William Baumol's insights into the construction productivity puzzle explain why my old house would not be built the same way today
Have we forgotten how to build houses efficiently? Or are important economic ideas missing from the construction productivity debate?
The above photo is of my house in Brisbane. It was built in the early 1880s.
The original portion of the home is 46 square meters (460 square feet) internally, with a small front and rear verandah. It sat on twenty timber posts dug into the earth and secured by ramming in the dirt around them. It had four doors (two external, two internal) and eight windows. It did not have a single electrical wire, light, or power plug. It had only water piped into external taps and an outside toilet.1
Now?
This same home has six lockable doors and twelve windows with flyscreens, and sits on steel posts on a concrete slab, with earthworks undertaken and retaining walls built to manage stormwater. It has a complete internal kitchen and bathroom, insulation, electric wiring, lights and air-conditioning, a driveway, a garden with edging, a laundry, and a fibre-optic connection. The home has also grown to double its original size due to various renovations over the years.
What’s my point?
A house today is not the same as a house historically. We made our houses better because we are richer now and housing is a great thing to invest in with extra wealth and income.
These radical changes in the very idea of what constitutes a house are a key issue when it comes to the concept of construction productivity, which seems to worry so many.
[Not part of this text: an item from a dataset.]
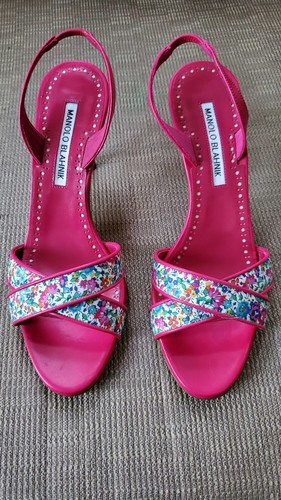 MBT NUOVI SANDALI MANOLO BLAHNIK Lasista floreali in pelle slingback US 7 prezzo al dettaglio $745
Don’t get me wrong. I want more productivity in every sector, not less. But I think we are being tricked by the way we interpret some of the data and we miss the fact that the construction sector, even the residential sector, is so vast as to be its own macroeconomy. It hence contains the same economic compositional effects as we see in the macroeconomy more broadly—changes that William Baumol explained six decades ago.
Let me explain.
Troubling construction productivity declines
It’s not impossible to get worse at producing something. History is littered with examples of societies forgetting how to make things. We still debate today how ancient mega structures were built because we collectively forgot. Knowledge only persists if it is used and embedded in our activities.
But as anyone who watches the terrific B1M YouTube channel can attest, we seem to be building more and more seemingly impossible construction projects all the time.
So what is it that concerns us?
Measured construction productivity has remained flat while other sectors have grown, or outright declined, in Australia, the United States, Canada and elsewhere over the past four decades.
It is a worry for many. After all, it sure sounds bad!
So what exactly are we dealing with here?
Construction productivity is simply a metric that comes from dividing two numbers—a measure of construction sector outputs and a measure of construction sector inputs.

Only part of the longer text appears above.